WHAT TO PRODUCE: Search the records for the string "Manor", then copy each line that has it.

━━ SOURCE RECORDS

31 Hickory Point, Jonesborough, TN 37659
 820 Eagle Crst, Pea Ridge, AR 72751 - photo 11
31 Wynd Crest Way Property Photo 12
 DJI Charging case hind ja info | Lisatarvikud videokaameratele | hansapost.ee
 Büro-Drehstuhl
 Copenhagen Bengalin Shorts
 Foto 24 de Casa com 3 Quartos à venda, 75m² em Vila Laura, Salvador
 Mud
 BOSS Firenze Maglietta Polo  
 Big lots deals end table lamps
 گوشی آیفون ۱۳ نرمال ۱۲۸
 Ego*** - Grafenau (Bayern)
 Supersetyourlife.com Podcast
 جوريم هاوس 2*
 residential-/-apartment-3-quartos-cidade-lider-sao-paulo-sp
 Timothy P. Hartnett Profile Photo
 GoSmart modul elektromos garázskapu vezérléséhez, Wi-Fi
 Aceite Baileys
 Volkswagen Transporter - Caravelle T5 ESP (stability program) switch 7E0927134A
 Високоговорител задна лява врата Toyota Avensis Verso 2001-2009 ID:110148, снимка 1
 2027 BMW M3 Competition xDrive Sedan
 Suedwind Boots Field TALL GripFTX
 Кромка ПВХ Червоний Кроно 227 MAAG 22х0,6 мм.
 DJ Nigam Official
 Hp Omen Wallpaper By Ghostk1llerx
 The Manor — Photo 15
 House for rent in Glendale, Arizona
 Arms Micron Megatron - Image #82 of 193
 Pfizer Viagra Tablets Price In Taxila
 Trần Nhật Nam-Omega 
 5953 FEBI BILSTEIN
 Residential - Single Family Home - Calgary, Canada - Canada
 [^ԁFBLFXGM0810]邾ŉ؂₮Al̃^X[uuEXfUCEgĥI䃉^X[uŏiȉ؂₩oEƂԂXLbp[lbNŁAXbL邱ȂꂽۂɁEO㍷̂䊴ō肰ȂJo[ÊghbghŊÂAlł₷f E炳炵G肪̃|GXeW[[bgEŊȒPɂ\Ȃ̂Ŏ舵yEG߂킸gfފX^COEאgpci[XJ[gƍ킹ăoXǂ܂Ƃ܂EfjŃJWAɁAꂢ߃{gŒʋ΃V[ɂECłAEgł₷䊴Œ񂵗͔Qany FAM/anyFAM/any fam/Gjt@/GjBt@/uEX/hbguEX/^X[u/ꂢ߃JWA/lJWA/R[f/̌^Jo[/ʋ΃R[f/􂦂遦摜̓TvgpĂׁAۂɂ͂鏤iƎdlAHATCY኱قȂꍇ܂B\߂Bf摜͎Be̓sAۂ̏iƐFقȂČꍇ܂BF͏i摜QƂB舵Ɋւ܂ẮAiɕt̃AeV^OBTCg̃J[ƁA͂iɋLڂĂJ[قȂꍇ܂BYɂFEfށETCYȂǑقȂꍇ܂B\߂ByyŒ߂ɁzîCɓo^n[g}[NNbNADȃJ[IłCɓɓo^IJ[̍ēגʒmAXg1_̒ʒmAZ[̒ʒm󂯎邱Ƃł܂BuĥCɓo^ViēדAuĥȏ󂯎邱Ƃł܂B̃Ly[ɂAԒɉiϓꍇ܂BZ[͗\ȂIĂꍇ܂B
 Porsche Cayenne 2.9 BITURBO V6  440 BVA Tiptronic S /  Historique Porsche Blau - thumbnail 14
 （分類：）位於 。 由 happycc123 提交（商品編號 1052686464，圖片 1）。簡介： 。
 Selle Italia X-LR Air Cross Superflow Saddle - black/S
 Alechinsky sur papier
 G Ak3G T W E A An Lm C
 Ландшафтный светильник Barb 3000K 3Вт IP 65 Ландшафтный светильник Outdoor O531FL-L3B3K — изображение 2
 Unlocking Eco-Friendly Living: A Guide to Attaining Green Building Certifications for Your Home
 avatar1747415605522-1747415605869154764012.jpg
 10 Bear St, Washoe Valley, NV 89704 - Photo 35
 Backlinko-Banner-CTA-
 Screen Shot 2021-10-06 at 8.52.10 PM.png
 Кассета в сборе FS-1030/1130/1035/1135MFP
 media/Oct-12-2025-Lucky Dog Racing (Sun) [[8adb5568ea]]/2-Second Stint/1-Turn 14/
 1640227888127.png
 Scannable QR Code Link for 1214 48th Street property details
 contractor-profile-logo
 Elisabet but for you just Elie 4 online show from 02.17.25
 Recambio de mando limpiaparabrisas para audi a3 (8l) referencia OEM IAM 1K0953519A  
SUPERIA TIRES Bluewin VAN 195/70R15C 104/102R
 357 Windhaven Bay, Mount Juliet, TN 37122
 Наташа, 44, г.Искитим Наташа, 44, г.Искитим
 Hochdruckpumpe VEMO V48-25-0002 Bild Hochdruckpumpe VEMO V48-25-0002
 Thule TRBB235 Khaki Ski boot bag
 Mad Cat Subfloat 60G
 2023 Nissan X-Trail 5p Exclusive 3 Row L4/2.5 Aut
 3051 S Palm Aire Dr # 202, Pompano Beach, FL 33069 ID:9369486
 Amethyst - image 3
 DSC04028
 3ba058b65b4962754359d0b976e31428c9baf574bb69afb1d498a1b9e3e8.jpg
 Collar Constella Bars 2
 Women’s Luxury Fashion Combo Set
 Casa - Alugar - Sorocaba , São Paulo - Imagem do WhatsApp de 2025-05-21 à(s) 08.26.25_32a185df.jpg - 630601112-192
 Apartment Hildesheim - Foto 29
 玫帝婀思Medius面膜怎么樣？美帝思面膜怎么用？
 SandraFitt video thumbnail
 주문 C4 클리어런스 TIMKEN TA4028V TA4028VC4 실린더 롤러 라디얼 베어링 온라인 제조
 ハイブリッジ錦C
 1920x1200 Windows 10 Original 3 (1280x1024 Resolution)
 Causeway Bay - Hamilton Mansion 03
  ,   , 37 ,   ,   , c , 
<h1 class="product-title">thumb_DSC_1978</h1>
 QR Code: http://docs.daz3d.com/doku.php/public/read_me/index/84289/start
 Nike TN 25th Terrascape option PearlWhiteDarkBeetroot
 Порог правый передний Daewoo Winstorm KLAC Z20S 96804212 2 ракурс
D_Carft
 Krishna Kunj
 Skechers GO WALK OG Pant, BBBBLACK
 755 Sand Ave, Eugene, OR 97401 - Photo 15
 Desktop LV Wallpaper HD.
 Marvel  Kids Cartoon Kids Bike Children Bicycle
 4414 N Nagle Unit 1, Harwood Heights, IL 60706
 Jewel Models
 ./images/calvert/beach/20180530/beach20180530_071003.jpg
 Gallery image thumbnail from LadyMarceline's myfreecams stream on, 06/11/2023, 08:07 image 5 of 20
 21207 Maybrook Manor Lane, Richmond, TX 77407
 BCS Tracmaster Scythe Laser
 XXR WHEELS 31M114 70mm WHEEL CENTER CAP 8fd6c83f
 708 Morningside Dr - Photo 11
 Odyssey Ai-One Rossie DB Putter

━━━━

YOUR SOLUTION:
 The Manor — Photo 15
 21207 Maybrook Manor Lane, Richmond, TX 77407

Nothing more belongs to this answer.